Are we going to exclaim, “Wow, Emma Watson can really sing!”
Bill Condon [director]: Yes! She sort of had to and wanted to prove she could do it. She had always loved singing, but in those years of doing Harry Potter she hadn't done it. She got her voice back in shape, took lessons and then there it was! This beautiful, sweet, pure sound that she has. It is interesting.
We don't usually think about movie stars being able to sing, and then they do it. Some people's voices just reveal something about themselves and seem like the essence of them. Emma is one of those people, there's a natural connection from the way that she speaks and the way she sings.

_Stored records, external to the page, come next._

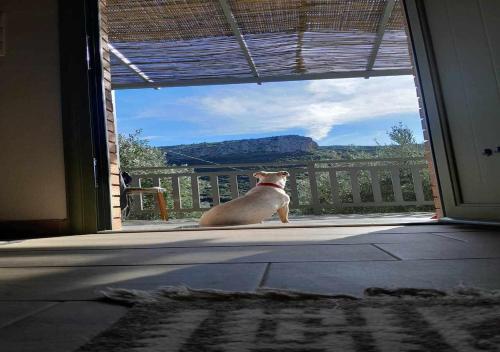 a dog sitting in front of an open door at Elaia Rest House Retreat in nature in Fréngaina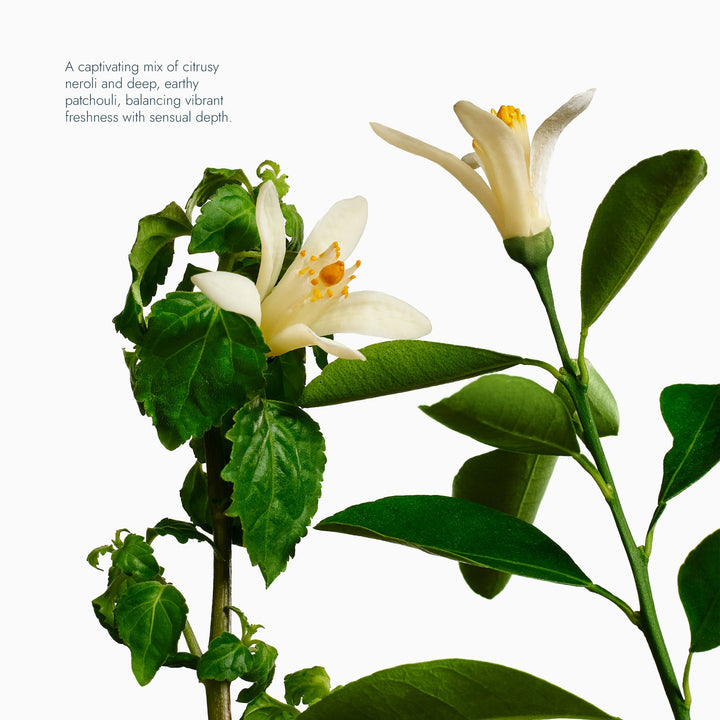 Neroli & Patchouli Body Wash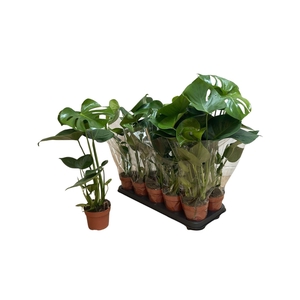 Monstera deliciosa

Can you talk about the three new songs added to the movie?
Bill Condon: We keep all the songs from the original film, but in this translation, we expanded upon how Belle and the Beast become who they are when we meet them. Two of the new songs connect to that new material. “Days in the Sun,” in particular, is sung by Belle and has more to do with the household staff and how they see the future when the curse is lifted. But it's also as a song the Beast's mother sang to him when he was a boy. So it sort of comes full circle.
Finally, there's the song [“For Evermore”] the Beast sings as at a crucial dramatic point at the end of the movie. They always say you should only ever sing when speaking isn't enough. When you can't help but sing. And that's what the song is, a cry of pain. I think that's a really big, 11-o'clock cinematic number.
Do you think one of those songs, like “Days in the Sun,” might be an Oscar contender?
Bill Condon: Oh, God knows. It's up to them.